The prior melt-blown non-woven fabric generally adopts a high-voltage electrostatic corona electret mode after being formed into a fabric, but the electrostatic electret effect of the mode is poor, the generated fiber of the prior melt-blown process is generally 2 to 10 micrometers, and the cost is high if the difficulty of increasing the fineness of the fiber is high, so that the technical personnel in the field provide a device and a method for spraying the fiber electrostatic electret and the fiber stretching of the melt-blown non-woven fabric.

Disclosure of Invention

Aiming at the defects of the prior art, the invention provides a fiber spraying electrostatic electret and a fiber stretching device and method for a melt-blown non-woven fabric, wherein the electrostatic electret is added twice, the static inside the melt-blown fabric is enhanced, the melt-blown fabric can realize multi-layer melt-blown layers after the static is added twice, in addition, an air suction device and an electrostatic stretching device are arranged at the bottom, and the bright spot of air suction is that the sprayed melt-blown fibers can form a secondary stretching effect, so that the diameter of the melt-blown fibers reaches the nanometer level.

In a first aspect, the present invention provides a device for spraying electrostatic fiber electret and stretching fiber on nonwoven fabric by melt-blowing method, comprising:

the screw extruder is used for carrying out hot-melting extrusion treatment on the raw materials for producing the melt-blown fabric;

the feed port of the melt filter is connected with the discharge port of the screw extruder in series and is used for filtering the melt generated by the screw extruder;

the gear metering pump and the feed inlet are connected with the discharge port of the melt filter in series and are used for quantitatively adding melt for producing melt-blown cloth;

the melt receiving box is fixedly connected with the discharge end of the gear metering pump in series and is used for collecting and storing the melt provided by the gear metering pump;

a heat source gas supply unit arranged outside the melt receiving box and in contact with the melt receiving box for ensuring the constant temperature of the melt received in the melt receiving box and providing power for the ejection of the melt

And the electrostatic spinning unit is arranged at a position adjacent to the melt receiving box and is used for changing the melt injected by the melt receiving box into a multi-layer melt spinning structure.

The electrostatic spinning unit comprises a melt-blowing die head connected with a discharge port of a melt receiving box in series, wherein a first needle-shaped corona electret strip and a second needle-shaped corona electret strip are correspondingly arranged on two sides of the discharge port of the melt-blowing die head respectively, and the input ends of the first needle-shaped corona electret strip and the second needle-shaped corona electret strip are respectively and correspondingly connected with the output ends of a first high-voltage electrostatic generator and a second high-voltage electrostatic generator.

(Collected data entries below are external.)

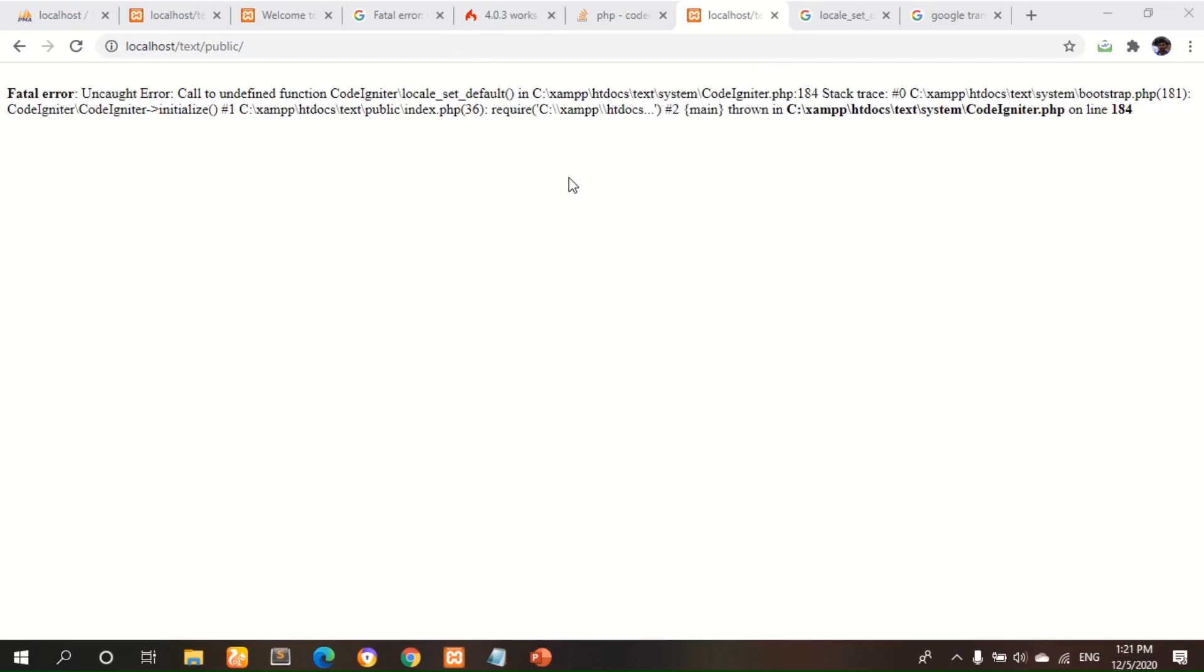Hi friends, when I run my CodeIgniter file, I got this error message.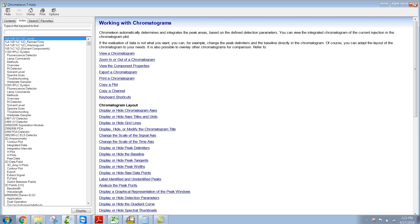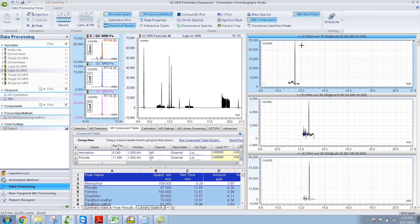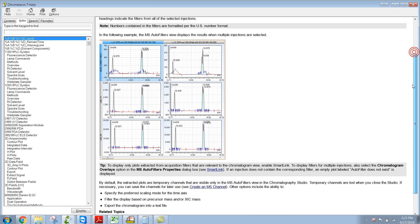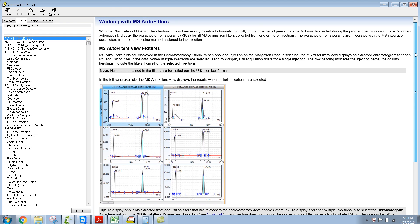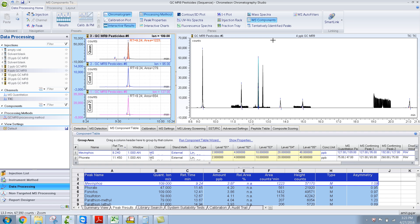Similarly, like in the last video where I showed something about MS autofilters — if you didn't know anything about MS autofilters, you could have just clicked F1, and you can read about what MS autofilters are. So whenever you're stuck or have doubts about something, you can always press F1 and find out more.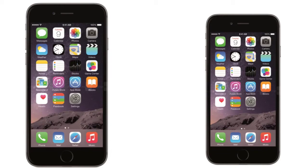Of course the iPhone 6 Plus is a phablet, that's why it has a bigger and better display. In terms of pixel density, we have 326 ppi on the iPhone 6 versus 401 ppi on the iPhone 6 Plus, and both displays are IPS LCD.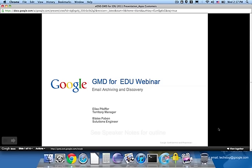Hi, and welcome to the Google Message Discovery for Education webinar.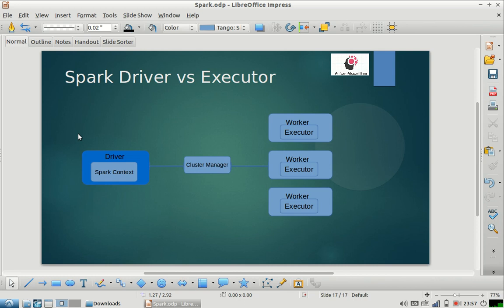If you are familiar with Spark architecture, it is very easy to answer this question. As part of this video, I'm going to explain what is the difference between a driver and an executor in Spark.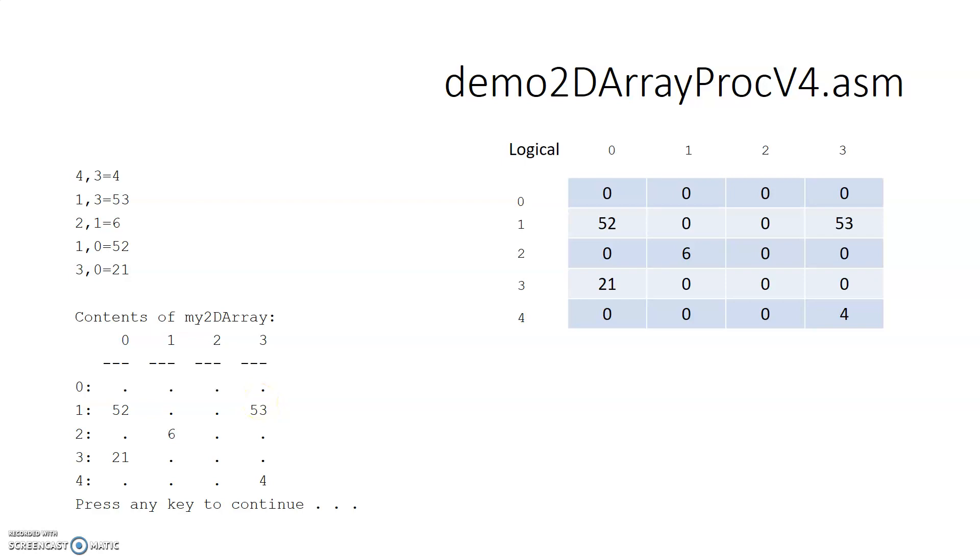Hi, this is Steven Bauer from Raton Valley Community College, and this demo is meant to address two-dimensional arrays in assembly language.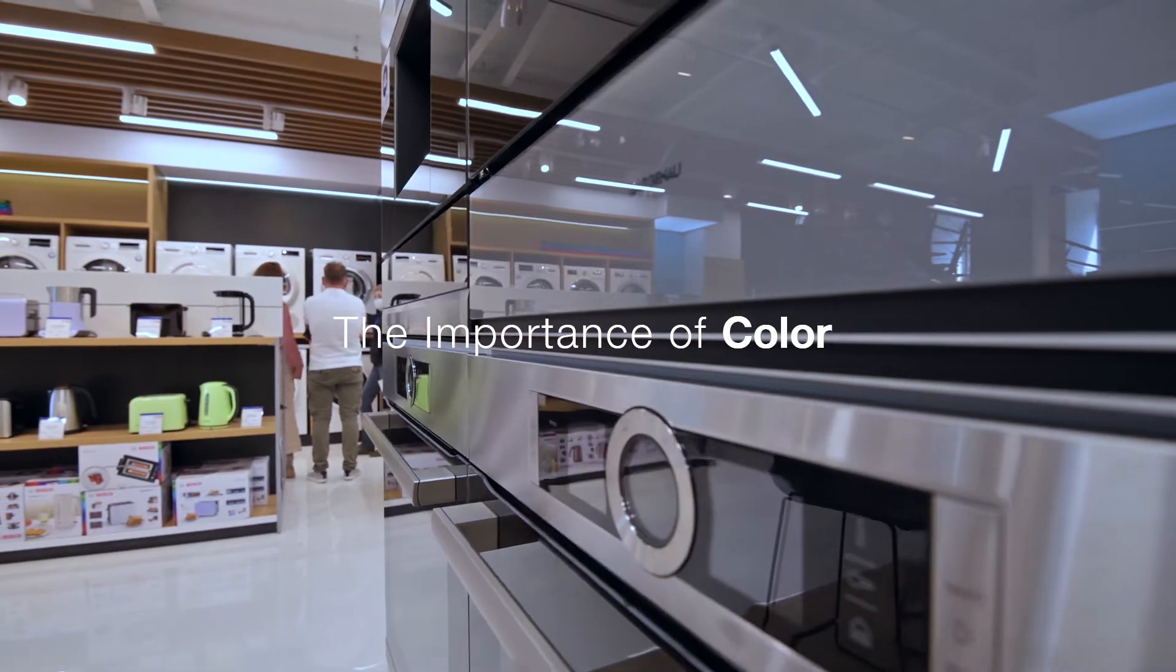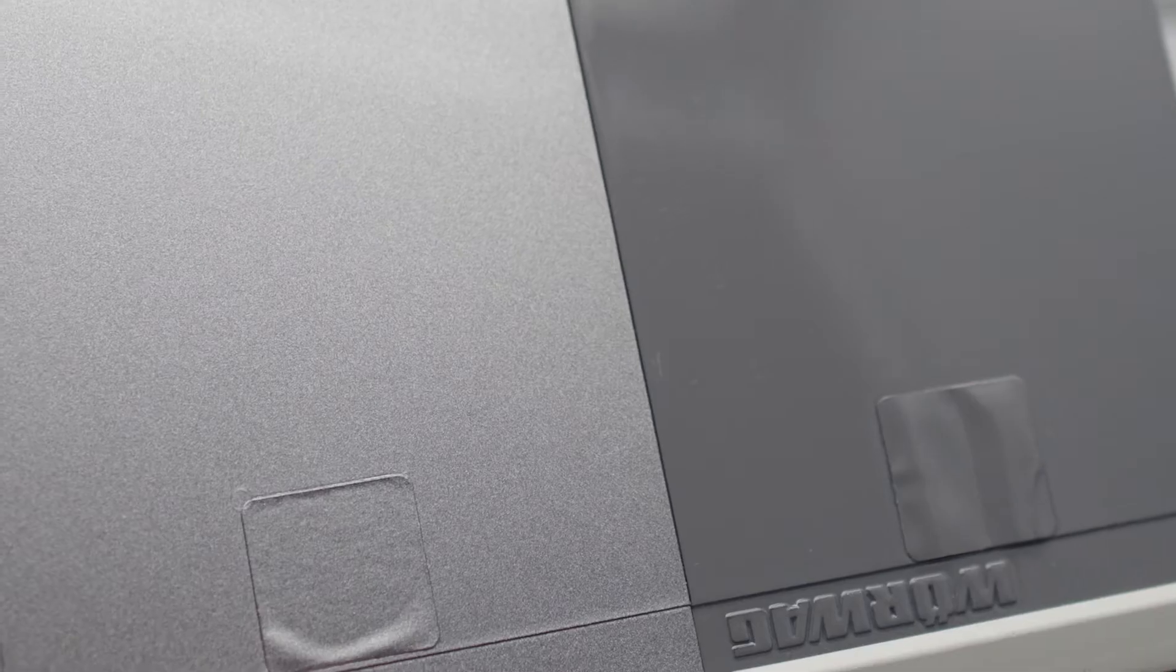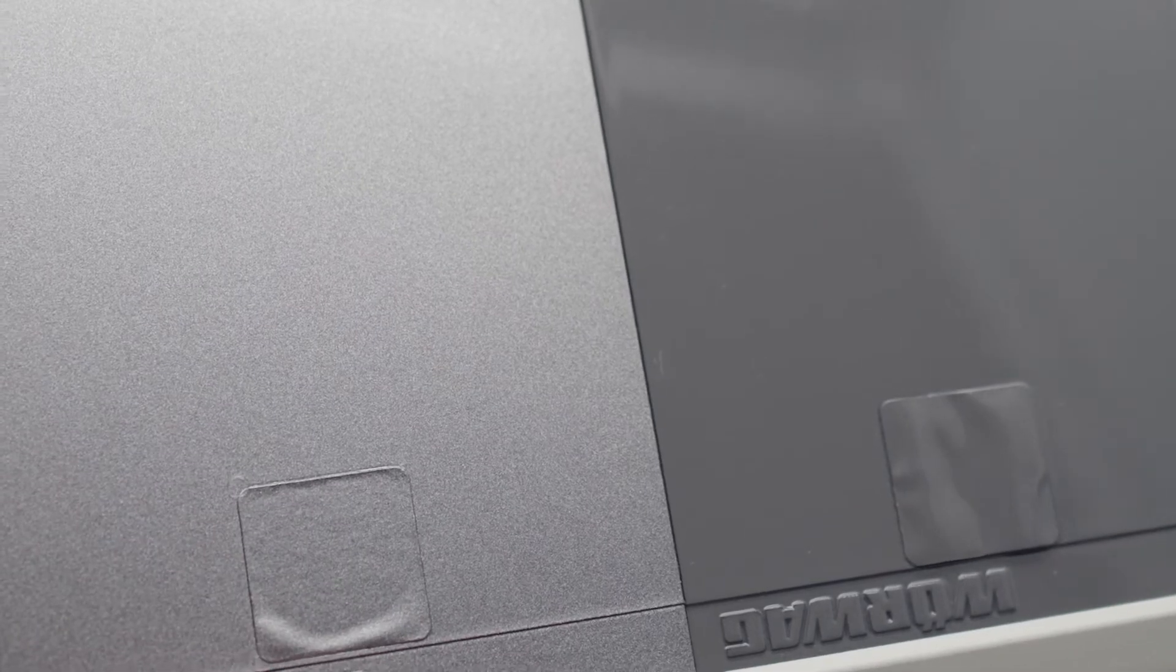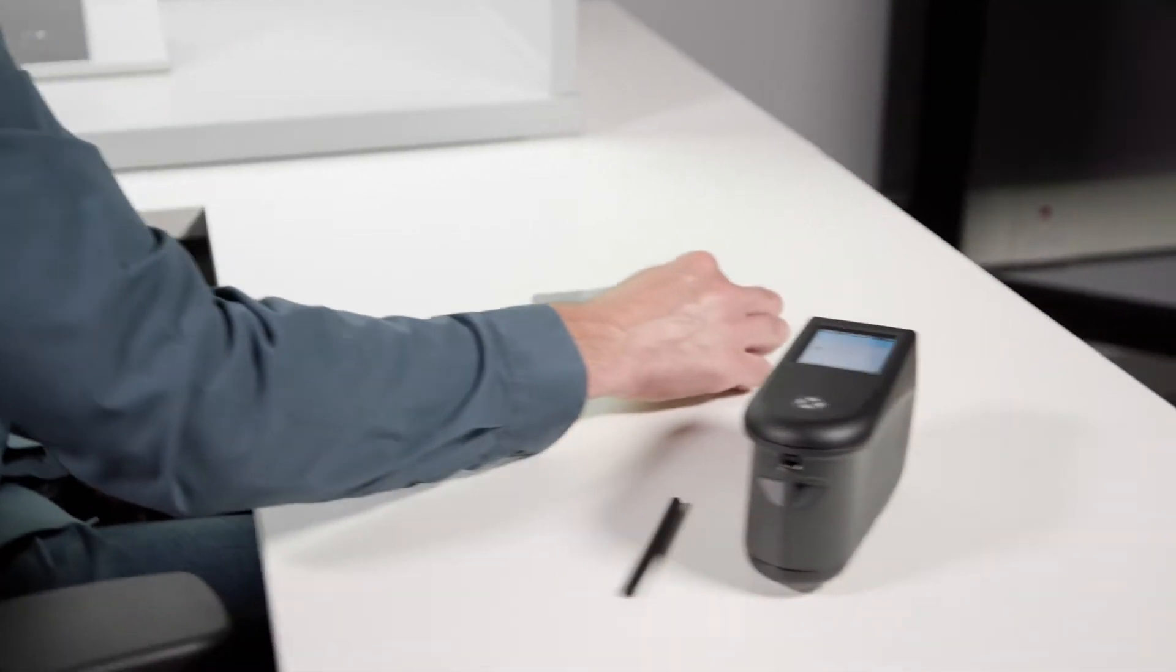Effect colors are not one-dimensional. They act as chameleons, changing with the scenery. So how do you measure something as fluid as effect color? You use multi-angle color measurement.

The position that is close to first needle-like corona electret strip and second needle-like corona electret strip is provided with the guipure receiving arrangement's inside and the position that corresponds between first needle-like corona electret strip and the second needle-like corona electret strip are provided with insulating updraft ventilator's air intake rigidity is provided with a plurality of high-voltage plate electrode opens the tiny ventilation hole of a plurality of in the high-voltage plate electrode, the input of high-voltage plate electrode and the output electric connection of third high-voltage static generator.

Preferably, the device further comprises a trimming winder and an electrostatic electret device, wherein the trimming winder is used for winding the finished meltblown fabric, and the electrostatic electret device is arranged on the section of the finished meltblown fabric before winding.

Preferably, the heat source gas supply unit includes an air compressor, an air storage tank, a control valve, an air heater, and a thermostat, and the air compressor, the air storage tank, the air heater, and the thermostat are connected in series in sequence according to a flow sequence of air.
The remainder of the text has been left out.